Expected 2D array, got 1D array instead: how do i solve it?-CodePudding

i've been trying to develop a linear regression model using my cleaned datasets. Here is my datasets: https://docs.google.com/spreadsheets/d/1G7URct9yPAxEETLrb_F1McN-bgKp_r8cykmCOmojhT0/edit?usp=sharing

i've processed the data with label encoder and just split it with train_test_split

cols = ['nama_pasar','komoditas']

for col in cols:
  df_test[col] = LE.fit_transform(df_test[col])
  print(LE.classes_)

X = df_test[['tanggal','nama_pasar','komoditas']]
y = df_test[['harga']]

from sklearn.model_selection import train_test_split
X_train, y_train, X_test, y_test = train_test_split(X, y, test_size = 0.5)

When i try to fit the data, no problems showed up.

LR.fit(X_train, y_train)

But when im trying to use prediction from my linear regression model but it keeps showing this errors

LR.predict([1, 10, 4])

ValueError: Expected 2D array, got 1D array instead:
array=[ 1 10  4].
Reshape your data either using array.reshape(-1, 1) if your data has a single feature or array.reshape(1, -1) if it contains a single sample.

I've tried to change the number of test size into 0.2 but it shows different error than the first one.

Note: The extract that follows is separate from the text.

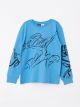 Crew Neck Looney Tunes Printed Long Sleeve Boy T-shirt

ValueError: Found input variables with inconsistent numbers of samples: [37936, 9484]

How do i solve this?

I'm still learning the very basics of data science, an explanation would be much appreciated

Thankyou

CodePudding user response：

Your x is a 2d array and has been trained like that hence when you want a prediction you need to pass an 2d array Try the below.

LR.predict([[1, 10, 4]])

CodePudding user response：

As for your second question (and your comment): You got the order for the train-test-split wrong.

X_train, y_train, X_test, y_test = train_test_split(X, y, test_size = 0.2)

It must be correctly:

X_train, X_test, y_train, y_test = train_test_split(X, y, test_size = 0.2)

It is always good practice to try and check the dimensions of your arrays/dataframes for sanity-checks.